Plan limits

Full matrix of what each plan ships. Cross-reference with the pricing page for current prices.

Feature	Free	Pro	Scale
Monthly requests	10,000	50,000	500,000
Per-minute burst	10	100	1,000
Per-day burst	500	5,000	50,000
Allowed models (managed)	`gpt-4o-mini`	`gpt-4o-mini`	`gpt-4o-mini`
Allowed models (BYOK)	—	any model on your provider key	any model on your provider key
API keys	1 (primary)	5	unlimited
Log retention	7 days	30 days	90 days
Cache TTL	24h	72h	168h (7d)
Semantic vector pool	1,000	10,000	unlimited
Smart routing	basic	priority	priority + custom rules
Advanced analytics	—	yes	yes
Webhook alerts	—	—	yes

About the per-tier managed-model whitelist

Each plan's managed mode limits the models we forward to a cost-bounded whitelist (see table above). Any other model returns 403 plan_limit_error before the upstream call is made. This is a hard cap to bound our upstream cost exposure per plan.

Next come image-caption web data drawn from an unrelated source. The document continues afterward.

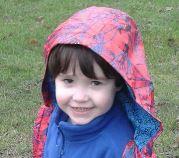 Photo of Leo M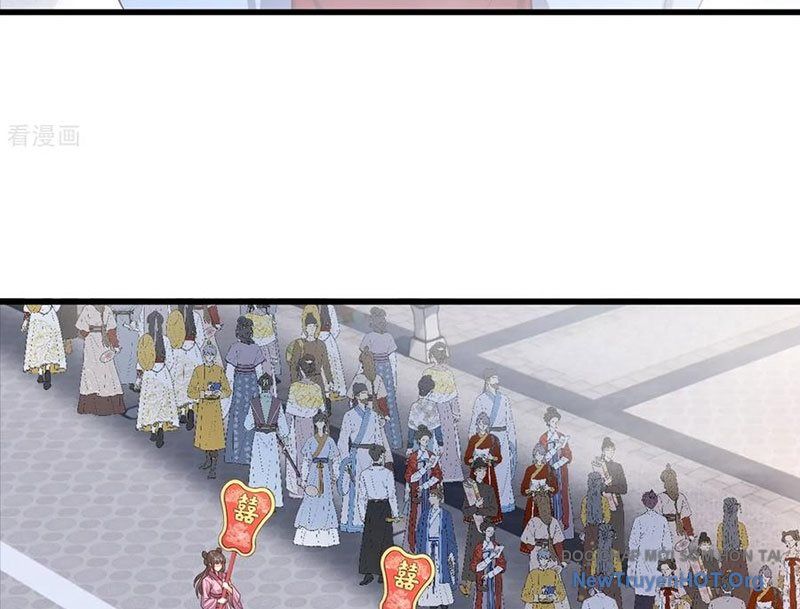 Tiên Võ Đế Tôn - Chapter 837 - Page 154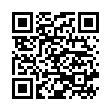 QR kód na túto stránku frydek-mistek.oma.sk u panske-nove-dvory 3654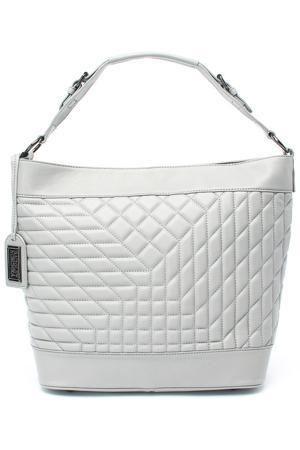 Боди Badgley Mischka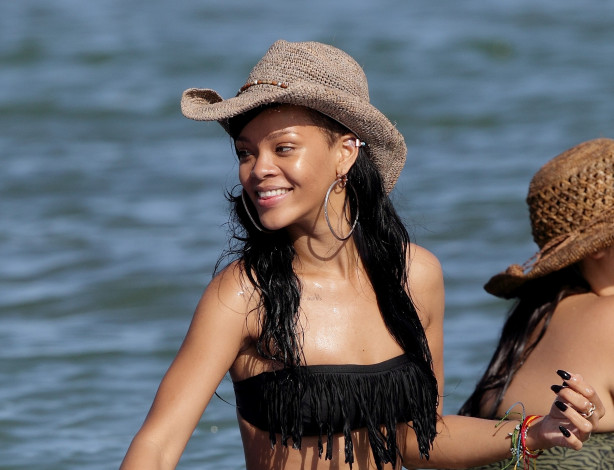 Обои картинки фото 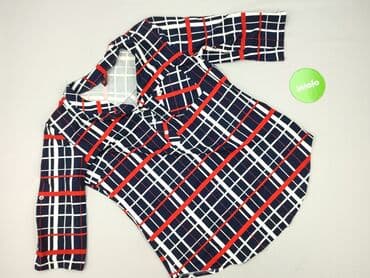 bonprix tuniki wizytowe: Tunika damska, rozmiar XL — 2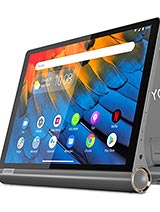 Best available price of Lenovo Yoga Smart Tab in Gds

If you set workspace.default_model to a non-whitelisted model and then omit modelfrom your request payload, you'll still get the 403 — with a message pointing you to the dashboard so you can fix the default.

Need a different model? On Pro and Scale, enable BYOK and the per-tier whitelist no longer applies — your provider key, your bill, any model your provider supports.

Managed monthly usage allowance

In managed mode we pay the upstream provider on your behalf, so each plan's monthly allowance is bounded by both the request count above anda fair-use upstream-cost budget — whichever you reach first. Most workloads hit the request count; very large prompts/outputs can reach the cost budget sooner. When you hit either limit, requests return 429 with a message to upgrade or switch to BYOK.

BYOK has no such budget — you pay your provider directly, so on Pro/Scale you can run unlimited managed-feature traffic (cache, dashboard, routing) on your own key. If predictable high volume matters, BYOK is the path.

About basic vs priority routing

Basic routing (Free): short non-code prompts go to gpt-4o-mini, everything else uses the workspace default model. Priority routing (Pro/Scale) adds more granular signals (complexity heuristics, length thresholds). Scale also unlocks custom routing rules via POST /v1/workspace/routing-rules — full reference in the dashboard.